If Congress comes up with an adequate definition of a flag (and we regard it as unlikely), we still have a problem with the word desecration. To desecrate something, according to the dictionary, means above all to profane, or violate the sanctity of something. In other words, prohibiting desecration of the flag would be to imply that the flag is sacred. And because it is specifically in the Constitution now, the flag is legally more sacred than, say, the Bible or the Koran. And certainly it is more important than the Constitution itself, because you can burn copies of the Constitution all day every day (even if you don’t feel that the Administration and Congress are already using it for toilet-paper).
Ah, but Congress obviously has the secondary definition of “desecrate” in mind: to treat disrespectfully, irreverently, or outrageously. If that is the intention then that is certainly what it should say in the Constitution. The amendment should read “…treat the flag disrespectfully, irreverently, or outrageously.” Damn. That’s not gonna work either, because they really only want to ban “disrespectful burning” during a demonstration or other public “protest.” You can treat it disrespectfully in print, or on the Internet, or in a movie, all kinds of different ways that we wouldn’t think of banning.
Take this little test– think about each of the next 50 physical representations of the flag that you see, whether they are on ball-point pens, SUV bumpers, in editorial cartoons, on postage stamps, whatever. How many of those flags are treated respectfully and reverently? While you’re at it, make a diary entry or turn your camcorder on every time you see someone burn an American flag in the U.S. It just is not happening.

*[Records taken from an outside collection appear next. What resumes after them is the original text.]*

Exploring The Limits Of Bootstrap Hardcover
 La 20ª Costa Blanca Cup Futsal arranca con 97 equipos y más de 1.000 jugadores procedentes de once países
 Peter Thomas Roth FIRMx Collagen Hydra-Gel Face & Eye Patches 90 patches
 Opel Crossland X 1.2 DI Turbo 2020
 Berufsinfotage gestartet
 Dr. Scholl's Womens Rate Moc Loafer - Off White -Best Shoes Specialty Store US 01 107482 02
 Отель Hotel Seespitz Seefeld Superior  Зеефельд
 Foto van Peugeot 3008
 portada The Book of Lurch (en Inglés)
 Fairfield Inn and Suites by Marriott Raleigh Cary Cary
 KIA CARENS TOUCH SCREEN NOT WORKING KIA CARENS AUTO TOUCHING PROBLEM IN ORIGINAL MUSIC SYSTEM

This is a classic case of a solution looking for a problem. Once the amendment is passed, mark our words– there will be plenty of problems. Well, if we are lucky there will be so many legislative bun fights and court cases that Congress won’t have time to proceed with the Sanctity of Marriage (or more properly “No Gay Marriage) amendment and whatever they have lined up after that. Fortunately we live in a time of peace and prosperity, and our lawmakers are free to concentrate on the really important stuff.
Another interesting aspect of this is that all previous flag-burning laws have been found to be unconstitutional because the restrict freedom of expression under the First Amendment. For the first time, an amendment will restrict the freedoms enshrined in the Bill of Rights, and for the first time one amendment will modify another. However, it will not be the first time that laws enacted in pursuit of one clause of the Constitution are in conflict with another, and as often happens, the Supreme Court will have to decide which takes precedence.
–SG

What do you think? Please enter a comment below.
July 12th, 2005 at 5:53 pm
If Jesus were alive today He would probably want to burn the flag. Or at least get an injunction to prevent America from being described as a Christian nation.